BUT. I think the comparison to RemedyBG is still a fair one from a pure consumer perspective. The difference in absolute performance is staggering. I think it's a strong argument in favor of smaller tools and high-quality work over tools that try to be everything to everyone.

I know that from a purely technical perspective, Visual Studios long load times are an embarassment. But I don't think this is fundamentally a technical problem, and while I'm all on board with a healthy rant about how slow the software is, I'd like to make sure the anger is directed at the right people.

Also, props as always to George for demonstrating how good things could be.
Guntha
have you ever needed to work on several projects at the same time?

Yes. That's very common for me. I just have multiple instances of whatever IDE I'm using (typically of JetBrains).
Memory is plentifull and cheap. I don't care if it takes 2GB.

Guntha
try comparing the results of the feature "Find all references" on C# code, and then on C/C++ code

I never use VS in int's vanilla form. I always have some plug-in for C++. Visual Assist used to be the standard.
Recently I tried "Resharper for C/C++" (from JetBrains), and I liked it a lot. So I don't know what the vanilla perf. is for stuff like that, because I don't use that. I use whatever comes with the plugin I'm using.

Guntha
You're talking about the deterioration of software as if it's a natural process, like an old car whose pieces get more and more rusty with time.

Not really... As I've just said:
Arnon
But software doesn't deteriorate if you just keep using it without change.

It's a natural process for ANY large system to devolve when a large group of changing people are in charge of it.
Has nothing at all to do with software.

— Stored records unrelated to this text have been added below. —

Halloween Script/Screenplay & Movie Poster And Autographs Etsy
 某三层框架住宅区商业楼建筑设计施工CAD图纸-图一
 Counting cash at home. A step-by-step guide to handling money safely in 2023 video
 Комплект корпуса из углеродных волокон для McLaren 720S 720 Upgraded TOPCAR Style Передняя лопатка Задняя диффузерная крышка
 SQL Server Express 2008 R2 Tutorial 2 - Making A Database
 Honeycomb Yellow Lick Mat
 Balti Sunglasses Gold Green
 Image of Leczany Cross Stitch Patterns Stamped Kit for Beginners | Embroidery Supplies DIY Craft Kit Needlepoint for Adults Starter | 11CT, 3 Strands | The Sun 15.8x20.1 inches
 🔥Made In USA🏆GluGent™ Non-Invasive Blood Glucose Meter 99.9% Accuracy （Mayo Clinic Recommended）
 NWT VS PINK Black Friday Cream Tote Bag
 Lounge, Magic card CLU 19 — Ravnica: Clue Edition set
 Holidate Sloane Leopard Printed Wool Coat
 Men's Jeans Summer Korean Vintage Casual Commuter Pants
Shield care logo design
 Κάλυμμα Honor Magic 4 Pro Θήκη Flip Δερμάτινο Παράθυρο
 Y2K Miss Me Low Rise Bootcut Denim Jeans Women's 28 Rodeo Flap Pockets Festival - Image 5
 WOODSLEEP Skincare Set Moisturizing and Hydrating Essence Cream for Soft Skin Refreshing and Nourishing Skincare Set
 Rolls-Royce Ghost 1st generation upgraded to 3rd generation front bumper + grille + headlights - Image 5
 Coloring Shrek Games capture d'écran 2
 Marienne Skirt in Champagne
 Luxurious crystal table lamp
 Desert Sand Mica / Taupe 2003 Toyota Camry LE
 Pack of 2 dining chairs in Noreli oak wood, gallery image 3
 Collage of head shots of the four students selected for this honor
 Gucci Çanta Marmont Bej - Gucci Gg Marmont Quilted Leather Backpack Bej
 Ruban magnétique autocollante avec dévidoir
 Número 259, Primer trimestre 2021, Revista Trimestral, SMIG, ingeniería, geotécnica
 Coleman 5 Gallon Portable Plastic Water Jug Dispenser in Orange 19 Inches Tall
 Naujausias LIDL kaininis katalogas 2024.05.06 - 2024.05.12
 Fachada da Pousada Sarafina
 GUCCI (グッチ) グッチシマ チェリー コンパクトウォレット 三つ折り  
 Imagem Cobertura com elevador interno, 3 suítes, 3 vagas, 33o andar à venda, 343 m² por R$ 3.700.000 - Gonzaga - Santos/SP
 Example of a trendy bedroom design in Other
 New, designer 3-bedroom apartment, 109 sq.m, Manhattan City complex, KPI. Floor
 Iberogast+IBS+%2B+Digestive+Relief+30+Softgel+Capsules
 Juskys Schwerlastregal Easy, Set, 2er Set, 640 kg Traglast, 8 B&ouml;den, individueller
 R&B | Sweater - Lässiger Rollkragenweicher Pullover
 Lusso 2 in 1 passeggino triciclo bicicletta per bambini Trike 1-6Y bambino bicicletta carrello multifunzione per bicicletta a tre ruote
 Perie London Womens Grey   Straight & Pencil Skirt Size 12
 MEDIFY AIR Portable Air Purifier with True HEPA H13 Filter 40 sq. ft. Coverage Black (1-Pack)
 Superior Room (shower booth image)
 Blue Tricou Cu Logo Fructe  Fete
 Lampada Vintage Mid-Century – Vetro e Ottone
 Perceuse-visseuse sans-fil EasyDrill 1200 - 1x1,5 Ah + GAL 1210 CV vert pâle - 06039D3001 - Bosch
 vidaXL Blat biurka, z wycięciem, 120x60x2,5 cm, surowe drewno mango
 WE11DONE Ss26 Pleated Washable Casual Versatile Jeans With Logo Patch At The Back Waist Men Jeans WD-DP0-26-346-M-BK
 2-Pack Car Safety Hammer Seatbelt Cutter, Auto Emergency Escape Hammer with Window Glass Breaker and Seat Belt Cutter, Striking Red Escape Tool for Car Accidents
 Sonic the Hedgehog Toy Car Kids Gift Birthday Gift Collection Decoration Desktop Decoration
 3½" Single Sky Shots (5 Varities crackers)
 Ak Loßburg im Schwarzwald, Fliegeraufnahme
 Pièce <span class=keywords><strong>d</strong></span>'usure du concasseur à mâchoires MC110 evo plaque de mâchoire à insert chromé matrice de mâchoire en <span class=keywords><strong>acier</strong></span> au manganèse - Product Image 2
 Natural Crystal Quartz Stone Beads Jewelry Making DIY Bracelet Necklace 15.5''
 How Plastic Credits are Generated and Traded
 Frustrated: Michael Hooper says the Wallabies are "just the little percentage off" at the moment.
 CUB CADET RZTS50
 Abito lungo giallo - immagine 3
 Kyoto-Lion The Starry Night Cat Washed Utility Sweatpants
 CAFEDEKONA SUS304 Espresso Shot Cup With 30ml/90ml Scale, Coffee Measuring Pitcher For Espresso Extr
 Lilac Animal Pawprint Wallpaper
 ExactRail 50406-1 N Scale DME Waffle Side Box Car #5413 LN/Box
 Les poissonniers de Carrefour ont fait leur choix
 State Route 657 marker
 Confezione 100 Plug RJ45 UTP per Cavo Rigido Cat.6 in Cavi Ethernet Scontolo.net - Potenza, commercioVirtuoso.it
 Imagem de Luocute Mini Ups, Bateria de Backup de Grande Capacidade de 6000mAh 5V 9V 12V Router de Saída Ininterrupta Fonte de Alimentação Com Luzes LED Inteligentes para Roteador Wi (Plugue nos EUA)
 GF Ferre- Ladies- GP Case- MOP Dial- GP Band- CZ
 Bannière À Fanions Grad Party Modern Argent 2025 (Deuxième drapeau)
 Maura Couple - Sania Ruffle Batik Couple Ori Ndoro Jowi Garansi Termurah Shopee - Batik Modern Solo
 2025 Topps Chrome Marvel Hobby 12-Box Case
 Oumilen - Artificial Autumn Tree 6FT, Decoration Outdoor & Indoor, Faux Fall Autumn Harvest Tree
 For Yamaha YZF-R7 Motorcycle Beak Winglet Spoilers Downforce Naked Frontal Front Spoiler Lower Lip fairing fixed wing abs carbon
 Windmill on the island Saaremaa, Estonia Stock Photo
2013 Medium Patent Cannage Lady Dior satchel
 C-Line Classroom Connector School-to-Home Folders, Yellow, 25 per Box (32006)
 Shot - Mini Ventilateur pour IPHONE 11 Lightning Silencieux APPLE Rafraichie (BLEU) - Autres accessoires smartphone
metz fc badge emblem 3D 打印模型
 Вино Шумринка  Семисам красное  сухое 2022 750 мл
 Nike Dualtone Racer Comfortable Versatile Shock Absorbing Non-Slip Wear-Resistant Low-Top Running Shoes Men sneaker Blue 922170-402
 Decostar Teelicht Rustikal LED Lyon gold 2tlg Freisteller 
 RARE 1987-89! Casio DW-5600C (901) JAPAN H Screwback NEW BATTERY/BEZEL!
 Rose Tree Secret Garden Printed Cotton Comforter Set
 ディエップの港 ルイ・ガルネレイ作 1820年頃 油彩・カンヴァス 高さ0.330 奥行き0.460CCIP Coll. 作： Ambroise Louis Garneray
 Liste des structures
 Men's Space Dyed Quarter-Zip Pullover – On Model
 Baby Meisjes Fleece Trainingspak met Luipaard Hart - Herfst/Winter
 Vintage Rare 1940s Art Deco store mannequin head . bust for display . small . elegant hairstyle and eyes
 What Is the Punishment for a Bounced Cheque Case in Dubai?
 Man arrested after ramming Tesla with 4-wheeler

Just look at the legal system, or goverments. That's what I was saying.

Guntha
I don't understand how you came to think that open-source software is less a victim of the obsolescence you're describing?

It not always is. I've said:
Arnon
To some extent, open source software suffers much less from this.

I was talking about examples like the one you gave: A dedicated tool that does one thing and does it well. In the linux land there are plenty command-line tools that are examples of that. But again, this is about economic incentives. Free software doesn't have many of the constraints and incentives that commercial software has - that was my point.

Guntha
"Adult supervision" is also not letting junior developers get in charge of a new product or of the architecture of the current product.

I totally agree and resonate with J.B and C.M's about their frustration with the lack of what they call "Adult Supervision".
It's kind of a very high level term though, so it can mean all kinds of things to different people.
Seniority level is not the exclusive measure of quality of software developers - it's very possible for someone to be very senior and at the same time a horrible software developer and/or leader of software projects.
I have experienced first-hand the kind of bad cases of lack of adult supervision in my recent job.
(I'll elaborate more in a bit on what "I" consider to be the role of leadership, and when it'd not doing it's job properly)

Guntha
If you have several conflicting ideas, do them all and measure which one runs the fastest for your current needs.

I was more reffering to overall architectural design descisions, general directions, etc. It's virtually impossible to measure the impact of those, because they span across the entire code-base, and take years to evolve. It's easy to measure performance of some small constrained portion of the code, but that's not what I'm talking about.

Initial loading is not a small and constraint kind of process - everything in the entire software stack revolves around how things are being done there. And a lot of run-time performance can typically predicate on paying a higher cost at load-time, once, for the sake of winning better performance during the entire lifetime of the process - residually.
The more systems a software has in it that wants to have that benefit, the more cost will be accuded at load time.

Edited by Arnon on
One of the main jobs of a good leader, is to identify the edge-cases - the people on either end of the spectrum of contibution vs. damage to the product/company. Because the distribution there is non-linear.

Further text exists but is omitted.